Por el mismo motivo, es posible sacar la conclusión simétrica: a priori, no hay motivo para asumir que una privatización tiene un impacto positivo sobre las finanzas públicas, es decir, no se trata de una operación de reducción de déficit (como explicaba Elena Salgado). En palabras de Citoyen:

Si uno piensa en la política fiscal desde esta óptica, uno llega a varias conclusiones curiosas. Por ejemplo, los ingresos derivados de las privatizaciones no son ingresos de verdad que afecten a la sostenibilidad fiscal; son solo ingeniería contable: uno sólo está amortizando pasivos (deuda) con la venta de activos (empresas). Naturalmente, esto aparece como una reducción del déficit y la deuda, pero es un mal reflejo del esfuerzo fiscal y de la sostenibilidad a medio plazo porque los gastos futuros (la deuda que habría que devolver) han cambiado tanto como los ingresos futuros (la posibilidad de privatizar en el futuro).

¿Cuál debe ser el planteamiento alternativo al financiero? ¿Es decir, cuándo podemos afirmar que es una buena idea privatizar? En términos generales, la decisión de qué actividades económicas (aparte de las de carácter redistributivo) debe llevar a cabo el Estado no se debe tomar pensando en si van a «hacer bulto» en las cuentas del Estado; en su lugar, debe de ser una elección que dependa de si el Estado es mejor o peor que el sector privado en un sector determinado o, de forma más general, de qué combinaciones de instituciones públicas, instituciones privadas, impuestos, subvenciones y regulaciones funcionan para cada problema económico, en cada tiempo y lugar. Se trata de una conclusión relativamente aséptica en términos ideológicos*, desde luego, y no es una idea con gran potencial para unir a las masas bajo una pancarta. Pero no debemos despreciar las humildes ideas aburridas, ya que en muchas ocasiones producen progreso de carácter más estable y duradero que las grandes ideas pretenciosas basadas en ornamentados cascarones retóricos, apelaciones a las emociones o a la «indignación», y cantidades reducidas de datos, ecuaciones y sustancia gris en general.
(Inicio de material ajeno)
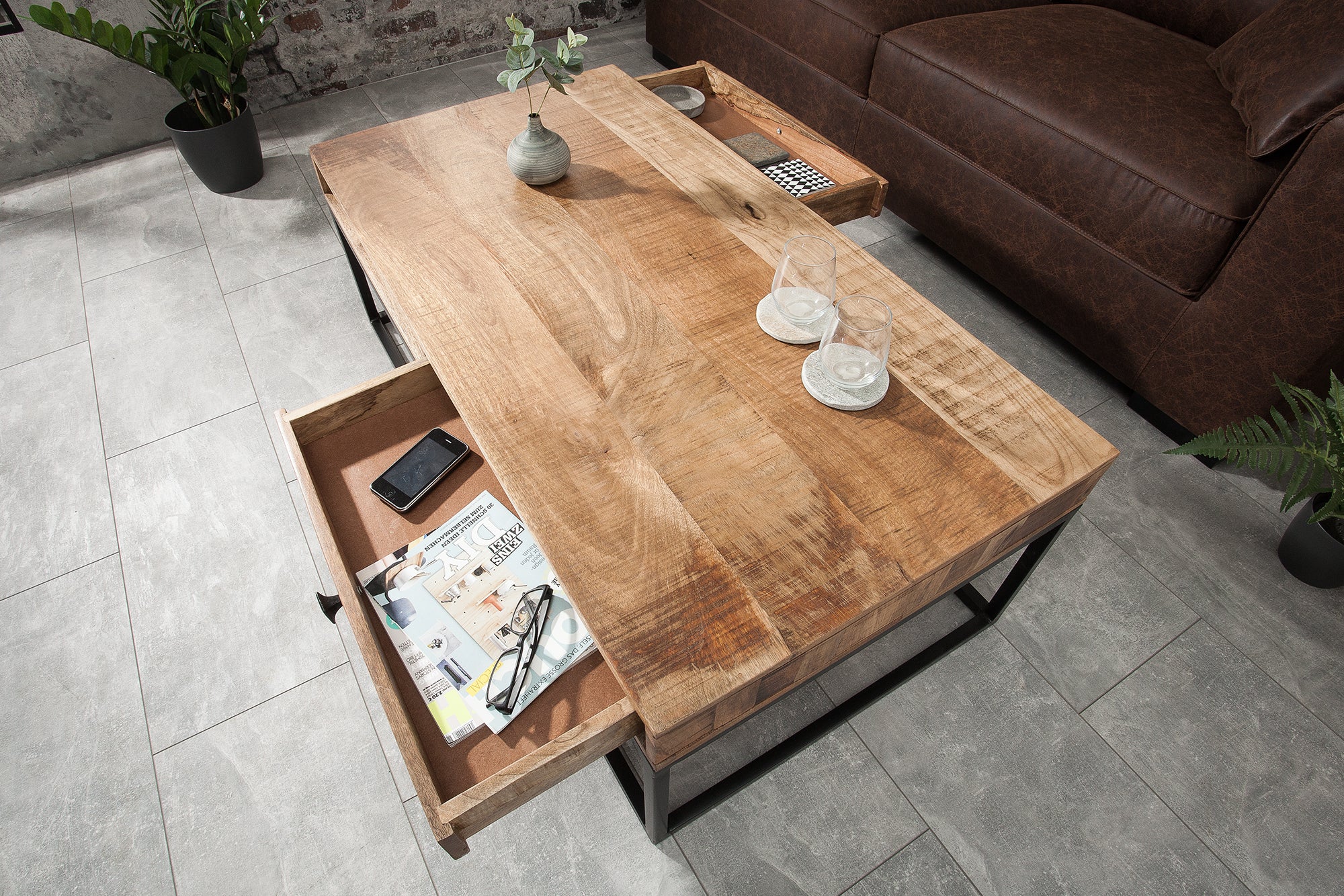 IRON CRAFT Mesa de centro de 100 cm de madera maciza de mango con estructura de metal negro y cajón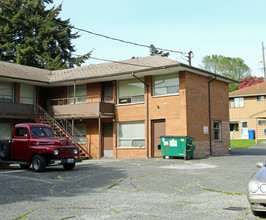 Saraman Apartments in Seattle, WA - Building Photo - Building Photo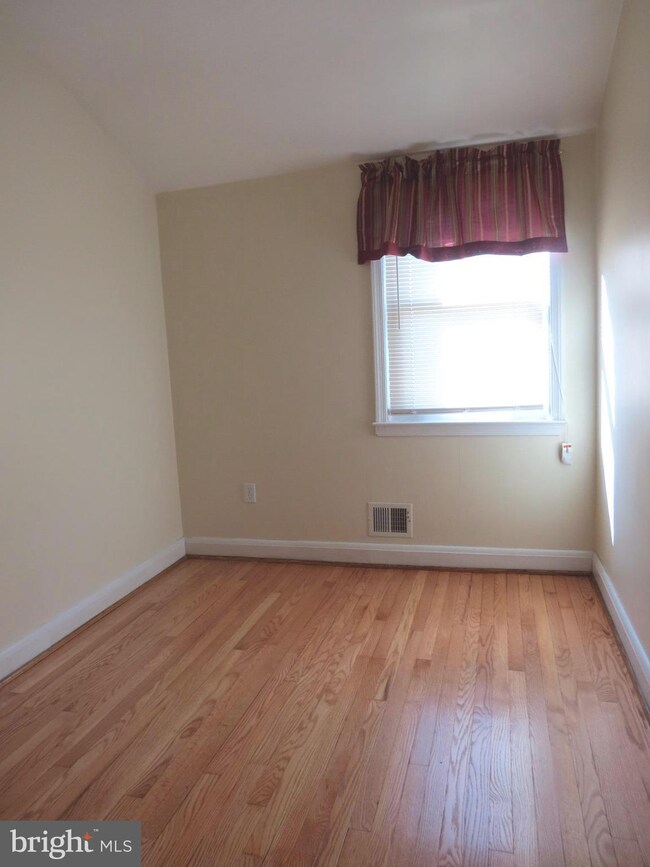 5008 Gateway Terrace, Halethorpe, MD 21227 - photo 5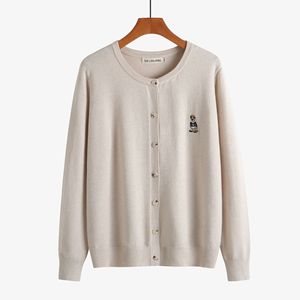 Cardigan en tricot pour femmes grandes tailles, col rond, pull épais, broderie ours, couleur unie, tailles MLXL2XL3XL, Europe et Amérique, Moyen-Orient - Product Image 3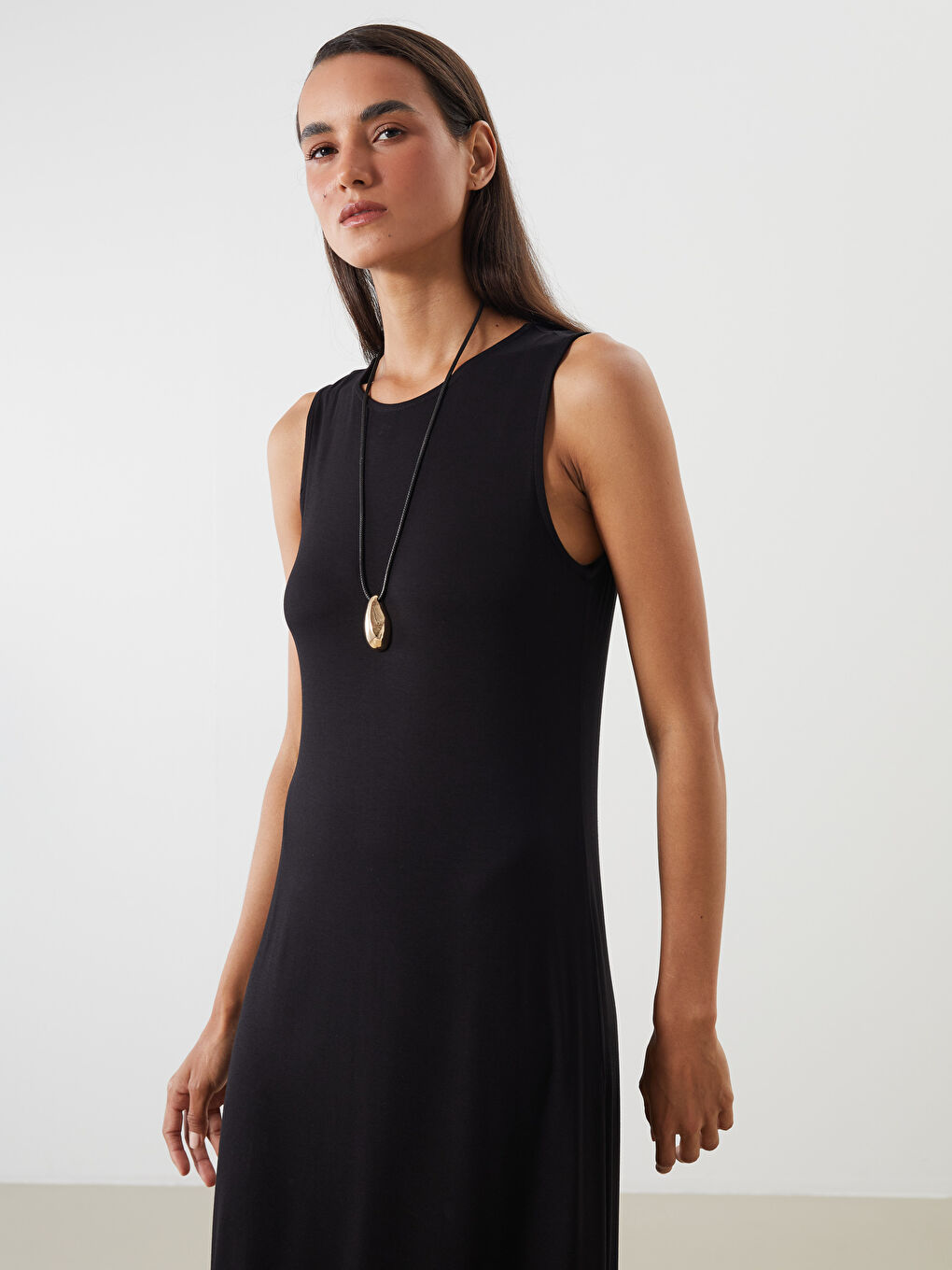 Siyah Bisiklet Yaka Elbise Astarı-1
* Aquí estoy abusando un poco de los teoremas fundamentales de la economía del bienestar, es cierto, y la existencia de limitaciones para estos resultados impide que podamos separar de forma limpia las consideraciones de eficiencia de las de justicia o equidad (o, en lenguaje de economista, separar los aspectos positivos de los normativos). Es decir, que no siempre (¿prácticamente nunca?) podemos aislar completamente las cuestiones «técnicas» de las ideológicas. Pero la idea no es negar completamente la intersección entre ambos aspectos del problema (lo que sería pernicioso, al igual que el extremo opuesto), sino advertir contra el exceso de signo contrario: el abuso del prisma ideológico en ocasiones en las que oscurece más que ilumina (hemos visto ejemplos a patadas a lo largo de la crisis). En resumen, que veo poco interés en debatir si la apuesta por el capital privado en la administración de la Quiniela o la enseñanza de la integración por partes se pueden considerar atentados contra el proletariado o no.